“We Were a Family Once More,” Ensign, June 1994, 65
When my 29-year-old son, Matt, asked me why we never had family reunions, I said, “Some of us have uncomfortable feelings among us. I don’t think anyone would come.” My four surviving siblings and I hadn’t all been together in one place since my father’s funeral thirty-one years earlier. Ten years earlier, my older brother had been on military duty during the Iran crisis and didn’t receive word that my mother had died until after her funeral. I hated to think that it might take another death to bring us all back together.
Matt urged me to phone my three brothers and one sister and ask if they’d come to a reunion at my place. To my surprise, each was enthusiastic and expressed their long-standing hopes that we would all get together again sometime.
It had been eighteen years since some of my family had seen my oldest brother. His hair was gray, and he walked and talked just like our father, bringing back sweet memories of Dad. Because he couldn’t take time off from work, my youngest brother drove all night Friday, arrived Saturday morning, and returned home twenty-four hours later. My sister and her family brought their motor home and spent the whole week with us, and I relished every minute of their visit.

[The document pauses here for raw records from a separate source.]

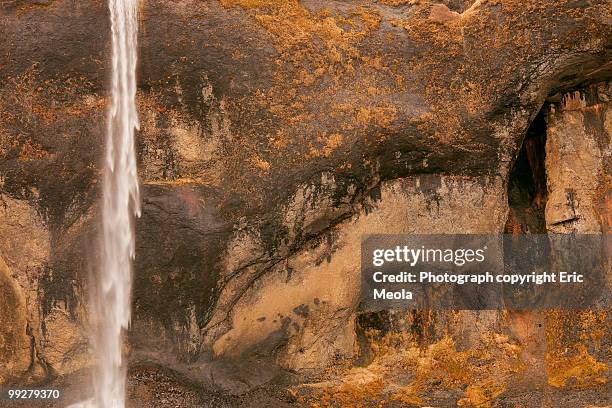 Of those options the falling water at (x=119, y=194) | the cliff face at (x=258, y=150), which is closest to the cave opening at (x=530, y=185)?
the cliff face at (x=258, y=150)

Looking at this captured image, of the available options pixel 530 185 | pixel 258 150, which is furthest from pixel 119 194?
pixel 530 185

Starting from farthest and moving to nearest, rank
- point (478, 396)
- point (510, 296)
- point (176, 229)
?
point (510, 296) → point (478, 396) → point (176, 229)

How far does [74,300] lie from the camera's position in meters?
9.95

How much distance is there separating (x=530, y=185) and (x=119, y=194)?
6779mm

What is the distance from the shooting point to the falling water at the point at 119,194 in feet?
31.6

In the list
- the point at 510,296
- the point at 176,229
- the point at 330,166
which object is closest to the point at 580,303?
the point at 510,296

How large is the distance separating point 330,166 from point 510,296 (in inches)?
Answer: 151

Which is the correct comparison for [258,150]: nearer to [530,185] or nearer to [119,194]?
[119,194]

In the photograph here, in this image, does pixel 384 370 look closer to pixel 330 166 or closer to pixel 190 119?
pixel 330 166

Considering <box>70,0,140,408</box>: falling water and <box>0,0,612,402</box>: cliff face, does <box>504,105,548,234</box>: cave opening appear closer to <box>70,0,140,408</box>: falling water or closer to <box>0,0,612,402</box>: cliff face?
<box>0,0,612,402</box>: cliff face

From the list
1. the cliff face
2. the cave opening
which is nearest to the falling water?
the cliff face

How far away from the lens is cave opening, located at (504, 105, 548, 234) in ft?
36.7

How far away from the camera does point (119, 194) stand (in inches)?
388

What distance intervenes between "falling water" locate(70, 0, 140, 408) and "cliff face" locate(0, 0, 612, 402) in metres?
0.18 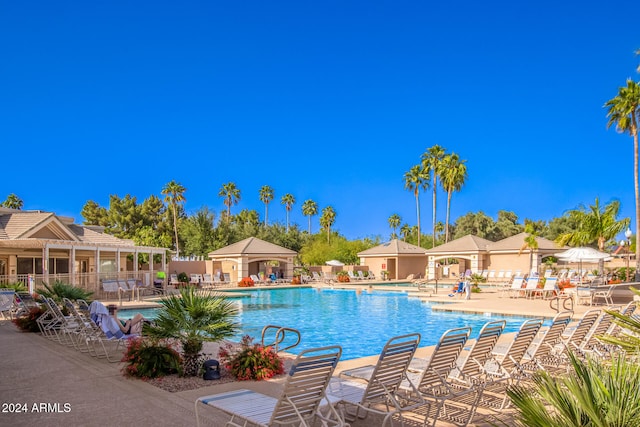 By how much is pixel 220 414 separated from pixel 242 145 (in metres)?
74.1

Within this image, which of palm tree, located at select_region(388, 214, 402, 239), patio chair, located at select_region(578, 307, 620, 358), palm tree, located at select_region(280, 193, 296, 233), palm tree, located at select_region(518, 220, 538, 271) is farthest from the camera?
palm tree, located at select_region(280, 193, 296, 233)

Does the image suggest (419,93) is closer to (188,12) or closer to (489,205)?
(489,205)

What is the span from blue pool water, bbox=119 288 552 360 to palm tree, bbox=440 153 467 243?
21.6 meters

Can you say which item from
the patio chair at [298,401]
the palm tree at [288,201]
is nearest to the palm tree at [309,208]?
the palm tree at [288,201]

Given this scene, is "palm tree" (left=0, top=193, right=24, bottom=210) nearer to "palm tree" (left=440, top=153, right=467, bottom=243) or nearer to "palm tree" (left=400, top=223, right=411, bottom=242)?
"palm tree" (left=440, top=153, right=467, bottom=243)

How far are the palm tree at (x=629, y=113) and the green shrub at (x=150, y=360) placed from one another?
85.7 ft

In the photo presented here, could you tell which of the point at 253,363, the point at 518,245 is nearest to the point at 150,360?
the point at 253,363

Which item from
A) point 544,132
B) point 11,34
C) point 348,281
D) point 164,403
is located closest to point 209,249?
point 348,281

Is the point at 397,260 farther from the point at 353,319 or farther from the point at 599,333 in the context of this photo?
the point at 599,333

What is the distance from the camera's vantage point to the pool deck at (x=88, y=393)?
5680 millimetres

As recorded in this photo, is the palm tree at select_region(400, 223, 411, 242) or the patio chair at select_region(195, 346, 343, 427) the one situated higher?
the palm tree at select_region(400, 223, 411, 242)

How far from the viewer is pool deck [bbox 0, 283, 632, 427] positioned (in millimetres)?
5680

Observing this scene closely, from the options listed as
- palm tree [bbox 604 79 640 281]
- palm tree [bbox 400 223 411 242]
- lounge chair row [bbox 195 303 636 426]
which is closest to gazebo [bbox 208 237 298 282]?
palm tree [bbox 604 79 640 281]

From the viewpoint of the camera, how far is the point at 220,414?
5.81 m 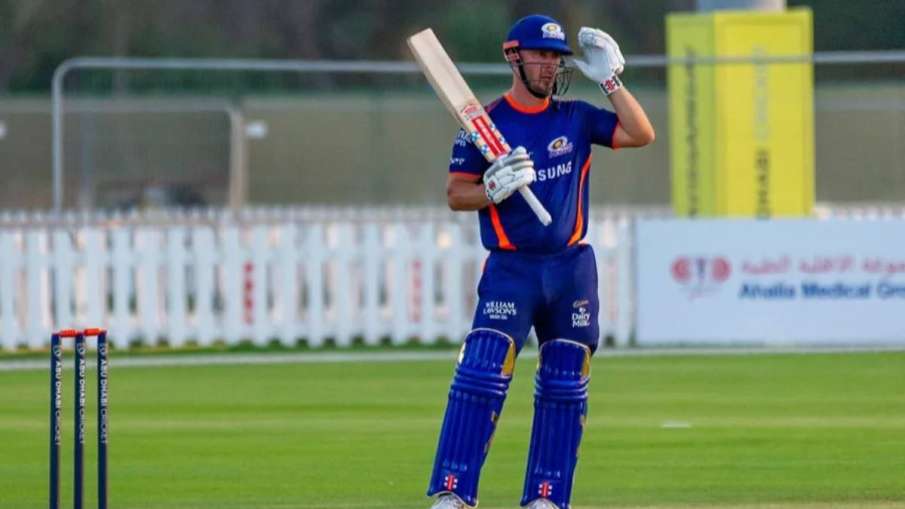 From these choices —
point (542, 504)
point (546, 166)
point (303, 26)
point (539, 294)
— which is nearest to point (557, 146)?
point (546, 166)

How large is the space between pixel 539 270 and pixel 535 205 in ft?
0.93

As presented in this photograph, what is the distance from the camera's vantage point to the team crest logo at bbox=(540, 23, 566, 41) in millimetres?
7969

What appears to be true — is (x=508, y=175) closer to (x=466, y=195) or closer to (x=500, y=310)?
(x=466, y=195)

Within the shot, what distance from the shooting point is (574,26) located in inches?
1935

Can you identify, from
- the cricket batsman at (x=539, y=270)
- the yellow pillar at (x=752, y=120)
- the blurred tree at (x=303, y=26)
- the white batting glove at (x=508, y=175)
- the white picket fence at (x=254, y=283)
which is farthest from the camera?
the blurred tree at (x=303, y=26)

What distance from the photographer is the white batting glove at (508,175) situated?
25.2ft

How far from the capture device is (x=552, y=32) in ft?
26.2

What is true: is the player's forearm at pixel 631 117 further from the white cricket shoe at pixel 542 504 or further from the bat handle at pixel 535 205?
the white cricket shoe at pixel 542 504

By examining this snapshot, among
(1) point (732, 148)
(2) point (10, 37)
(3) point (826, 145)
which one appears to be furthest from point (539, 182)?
(2) point (10, 37)

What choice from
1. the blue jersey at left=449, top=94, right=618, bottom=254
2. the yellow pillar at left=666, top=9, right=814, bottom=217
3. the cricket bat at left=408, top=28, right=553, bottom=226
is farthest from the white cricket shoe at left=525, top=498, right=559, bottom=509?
the yellow pillar at left=666, top=9, right=814, bottom=217

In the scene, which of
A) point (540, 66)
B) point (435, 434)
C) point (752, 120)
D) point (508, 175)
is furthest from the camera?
point (752, 120)

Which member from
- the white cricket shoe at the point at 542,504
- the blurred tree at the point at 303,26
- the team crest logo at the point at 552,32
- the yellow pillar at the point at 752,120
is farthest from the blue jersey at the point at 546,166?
the blurred tree at the point at 303,26

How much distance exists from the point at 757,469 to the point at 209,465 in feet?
8.77

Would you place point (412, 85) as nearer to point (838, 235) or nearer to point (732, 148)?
point (732, 148) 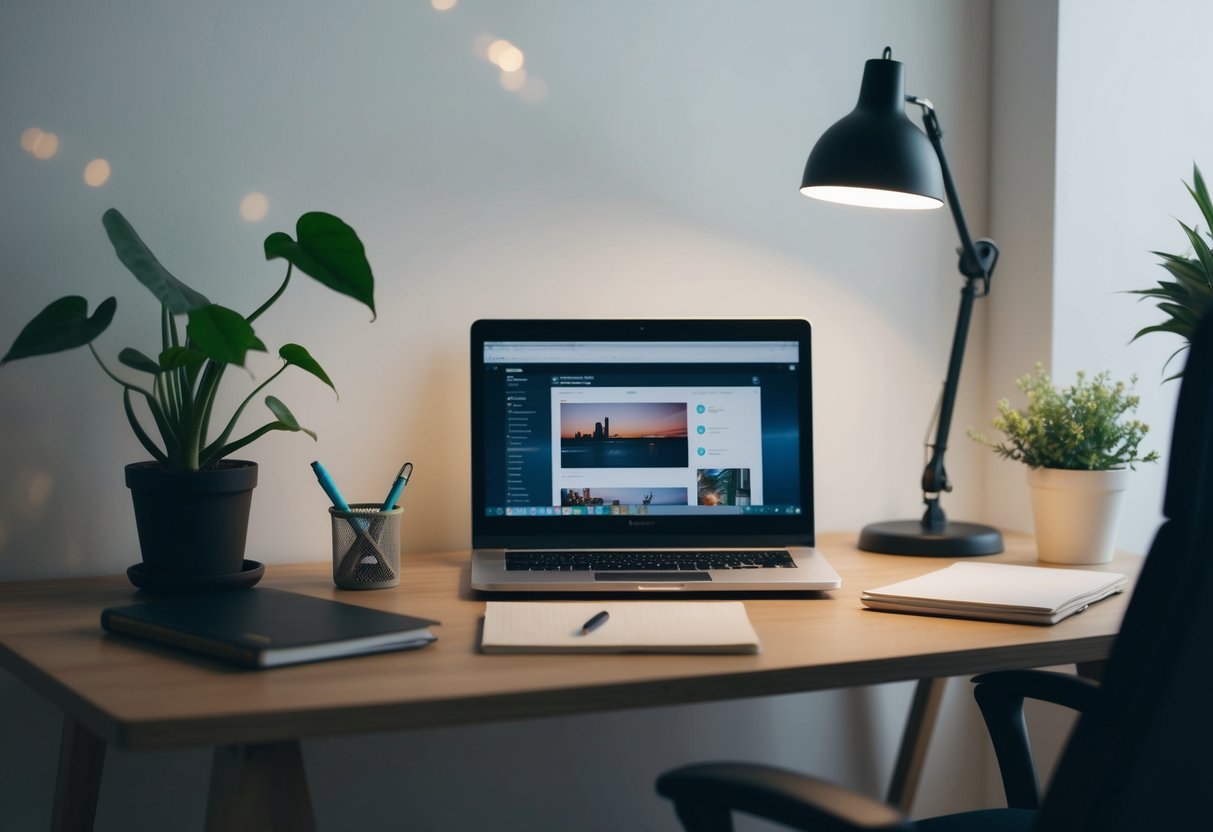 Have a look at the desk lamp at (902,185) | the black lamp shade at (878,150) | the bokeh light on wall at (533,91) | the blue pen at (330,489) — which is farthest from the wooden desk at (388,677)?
the bokeh light on wall at (533,91)

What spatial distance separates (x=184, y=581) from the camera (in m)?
1.30

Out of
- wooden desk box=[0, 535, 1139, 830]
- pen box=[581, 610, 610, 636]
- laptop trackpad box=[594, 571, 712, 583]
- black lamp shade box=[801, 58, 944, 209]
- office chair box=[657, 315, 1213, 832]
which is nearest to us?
office chair box=[657, 315, 1213, 832]

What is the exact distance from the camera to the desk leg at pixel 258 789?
3.05 ft

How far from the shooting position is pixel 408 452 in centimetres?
164

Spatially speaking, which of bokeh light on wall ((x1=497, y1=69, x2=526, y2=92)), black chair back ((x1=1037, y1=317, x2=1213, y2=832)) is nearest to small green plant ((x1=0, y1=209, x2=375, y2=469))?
bokeh light on wall ((x1=497, y1=69, x2=526, y2=92))

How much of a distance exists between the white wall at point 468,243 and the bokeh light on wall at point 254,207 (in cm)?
1

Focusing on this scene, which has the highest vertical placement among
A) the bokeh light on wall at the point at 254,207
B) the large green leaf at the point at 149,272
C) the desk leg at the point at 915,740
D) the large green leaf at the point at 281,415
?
the bokeh light on wall at the point at 254,207

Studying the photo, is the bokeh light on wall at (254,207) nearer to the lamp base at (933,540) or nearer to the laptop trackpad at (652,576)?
the laptop trackpad at (652,576)

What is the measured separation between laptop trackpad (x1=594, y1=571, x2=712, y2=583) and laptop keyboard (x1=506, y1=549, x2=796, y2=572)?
2 centimetres

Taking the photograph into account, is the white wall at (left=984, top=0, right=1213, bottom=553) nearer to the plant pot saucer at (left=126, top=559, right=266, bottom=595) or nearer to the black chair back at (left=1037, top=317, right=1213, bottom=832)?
the black chair back at (left=1037, top=317, right=1213, bottom=832)

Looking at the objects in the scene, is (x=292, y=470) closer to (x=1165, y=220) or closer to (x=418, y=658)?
(x=418, y=658)

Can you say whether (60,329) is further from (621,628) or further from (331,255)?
(621,628)

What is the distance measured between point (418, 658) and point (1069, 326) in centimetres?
126

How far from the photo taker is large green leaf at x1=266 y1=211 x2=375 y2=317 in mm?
1248
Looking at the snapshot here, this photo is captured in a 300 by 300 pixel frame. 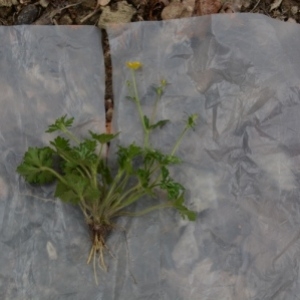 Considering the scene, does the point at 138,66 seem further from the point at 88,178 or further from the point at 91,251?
the point at 91,251

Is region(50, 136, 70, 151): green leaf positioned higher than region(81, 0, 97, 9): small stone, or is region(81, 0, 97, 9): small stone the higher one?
region(81, 0, 97, 9): small stone

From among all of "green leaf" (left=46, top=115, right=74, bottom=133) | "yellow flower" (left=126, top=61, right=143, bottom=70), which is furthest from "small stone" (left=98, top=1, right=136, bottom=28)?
"green leaf" (left=46, top=115, right=74, bottom=133)

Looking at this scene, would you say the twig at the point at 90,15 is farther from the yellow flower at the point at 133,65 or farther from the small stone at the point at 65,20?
the yellow flower at the point at 133,65

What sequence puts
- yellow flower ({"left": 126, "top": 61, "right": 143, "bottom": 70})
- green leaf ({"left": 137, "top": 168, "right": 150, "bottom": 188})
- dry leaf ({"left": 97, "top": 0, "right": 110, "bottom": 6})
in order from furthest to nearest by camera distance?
dry leaf ({"left": 97, "top": 0, "right": 110, "bottom": 6}) → yellow flower ({"left": 126, "top": 61, "right": 143, "bottom": 70}) → green leaf ({"left": 137, "top": 168, "right": 150, "bottom": 188})

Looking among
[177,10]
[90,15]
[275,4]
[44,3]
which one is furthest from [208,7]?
[44,3]

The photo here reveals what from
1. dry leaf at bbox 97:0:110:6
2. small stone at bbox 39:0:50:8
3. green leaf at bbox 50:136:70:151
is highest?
dry leaf at bbox 97:0:110:6

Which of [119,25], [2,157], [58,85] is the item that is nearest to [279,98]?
[119,25]

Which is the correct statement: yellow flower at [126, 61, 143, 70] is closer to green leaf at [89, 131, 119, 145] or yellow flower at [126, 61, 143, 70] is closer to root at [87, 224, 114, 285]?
green leaf at [89, 131, 119, 145]

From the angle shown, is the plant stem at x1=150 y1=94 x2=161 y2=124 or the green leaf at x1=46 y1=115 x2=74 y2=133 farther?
the plant stem at x1=150 y1=94 x2=161 y2=124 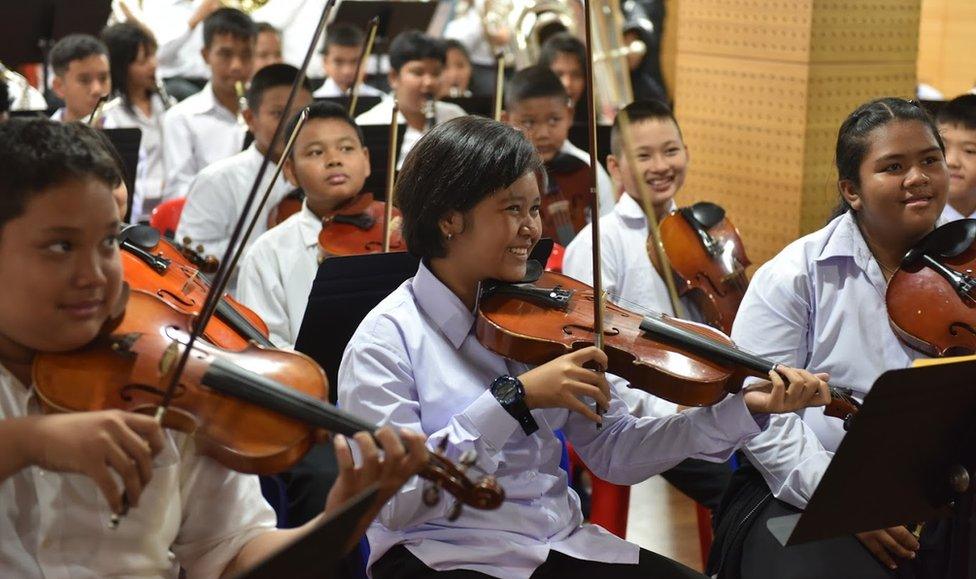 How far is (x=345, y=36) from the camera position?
5812 millimetres

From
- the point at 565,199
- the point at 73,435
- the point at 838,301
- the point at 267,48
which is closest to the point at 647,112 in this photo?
the point at 565,199

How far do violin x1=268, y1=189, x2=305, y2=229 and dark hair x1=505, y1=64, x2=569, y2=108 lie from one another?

Saturday afternoon was the big reunion. Matt had decided that if my brothers and sisters were going to make the effort to come, it should be worth their time. On his computer, he prepared and personalized a family history book for each of them, going back seven generations and including all the family pictures and stories we could find. As my brothers and sister looked through their books, mouths dropped open and tears fell, and they expressed amazement and gratitude for the love Matt had put into the work.
I shared a family letter to our parents that I had recently written, recalling spiritually significant events from my childhood and mentioning recent accomplishments of my family members. We took turns sharing our feelings about our parents and our lives together as a family. When I told my older brother how sorry I was for being such a stinker of a little sister, he laughed and assured me that he hadn’t been holding any negative feelings. Other family members who had experienced more serious clashes spoke in private and changed misunderstandings to feelings of love and respect. Before parting, we planned our next reunion and promised to keep in closer touch.
A few days after the reunion, my youngest brother called to tell me that his National Guard reserve unit had been summoned to Saudi Arabia. Divorced and childless, he said that because of the family reunion, he could go to war knowing that he had a family who loved him and would pray for him.